Sounds like the Vive is out of the question then, as the base stations (trackers) needs to have a certain amount of space between them, not to mention the need to be completely stabilized, preferably mounted to walls. That said, and don't make any purchases based on what I'm saying because I haven't had much hands-on with the Rift, but I do believe the tracker it uses can be placed on the desk in front of you and still work just fine. If that is the case, then assuming you have enough room for it (it's not huge) then this is probably what you're looking for.
You can get cheaper VR with things like the GearVR and emulate SteamVR through your phone, but it's just not going to be a very nice experience, plus the Rift and Vive has much more advanced tracking. While you might not have room enough for a roomscale experience, and while it may sound like a small addition, your head actually moving with your head in-game in all dimensions is incredibly important for immersion in VR. Not to mention, the emulation method isn't smooth at all, in terms of frames per second and tracking in general. In other words, it's not playable. The lack of proper head tracking is the difference between being 'in' the game and watching a 360 video on Youtube.
The Rift comes with an Xbox controller I believe, so if you think you can fit the tracker next to your monitor or something then it's probably your best bet. It doesn't absolutely require motion controllers, nor does the Vive but that's probably out of the question regardless.
You'll be a little limited in terms of games though, especially moving forward. Motion controls in VR is just as important for immersion as everything else, I'd say. But Elite: Dangerous is still my favorite VR game and it has a very basic implementation of it. But it is exactly what you're describing: a game that lets you be 'in' it without requiring you to change anything else about the way you play it. There's also ways to get non-VR games to work within a VR-environment, though this generally requires the use of a driver like vorpx, which isn't free, so I haven't played around with this much. From my understanding you can expect everything from games simply running on a 3D monitor floating in front of you in a void-like environment, to almost fully VR supported experiences. For example, apparently you can run the regular Fallout 4 in VR without all the motion controls and stuff of the VR edition of the same game.
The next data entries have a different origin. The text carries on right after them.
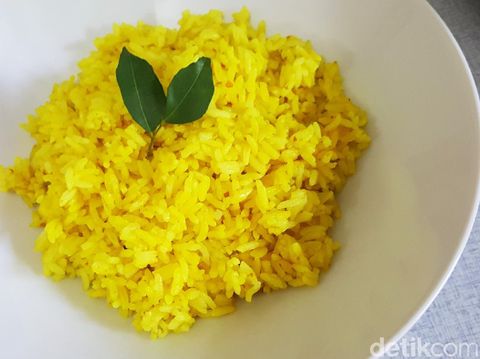 Resep Nasi Kuning Rice Cooker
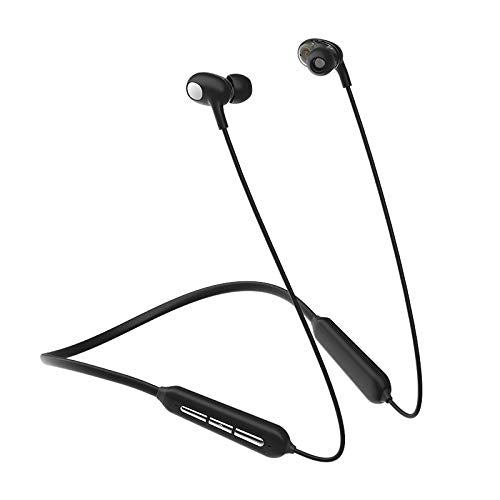 Joyroom Double-Moving Collar Hanging Neck Sports Bluetooth Headset JR-D5 - Black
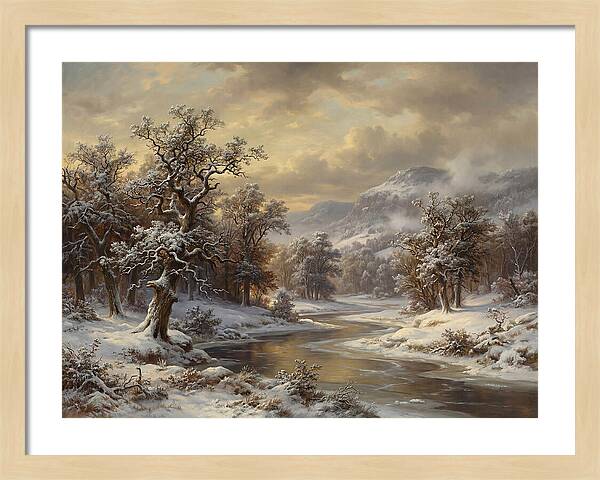 Frosty Winter Serenity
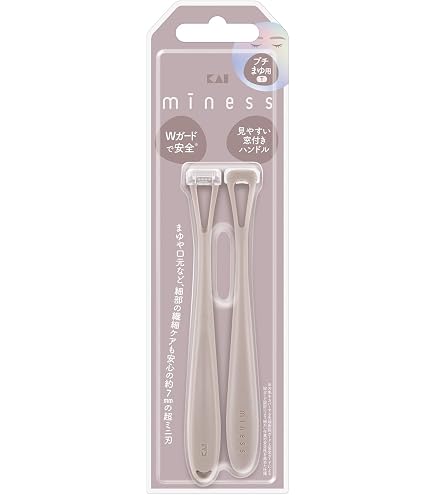 Amazon.co.jp: まゆ専用カミソリ 超小型刃 T型 ステンレス刃物鋼 2518
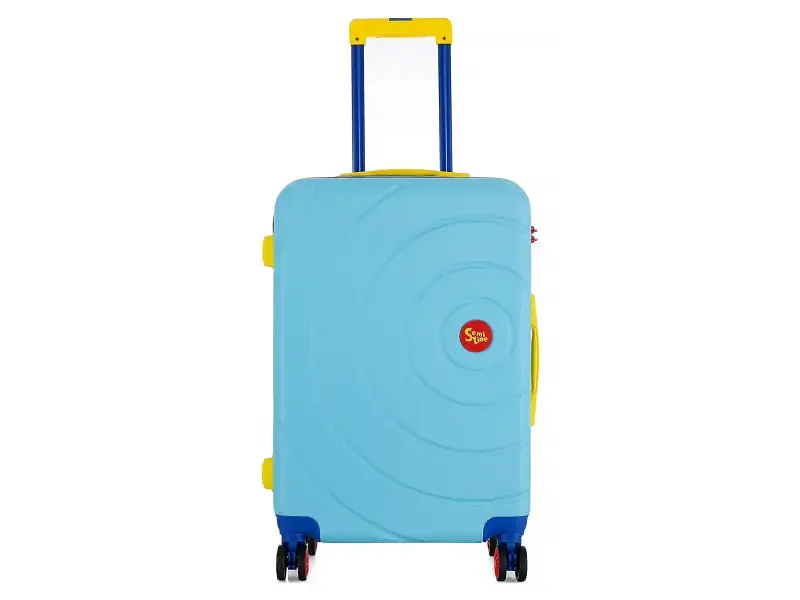 Валіза Semi Line 24 M Light Blue (T5933-2) - фото 9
Then again, I have not tried this, so it's worth taking a look into the various drivers' support for the games you see yourself wanting to be playing if this is a big deal.
Edit: Forgot to mention, if you have the patience, I know several companies are working on inside and out-tracking or whatever it is they call it, where the headset itself keeps track of where it is, rather than relying on separate trackers. No idea when these might hit the market but I don't think they're too far away
Edited by Migokalle, 25 January 2018 - 09:58 PM.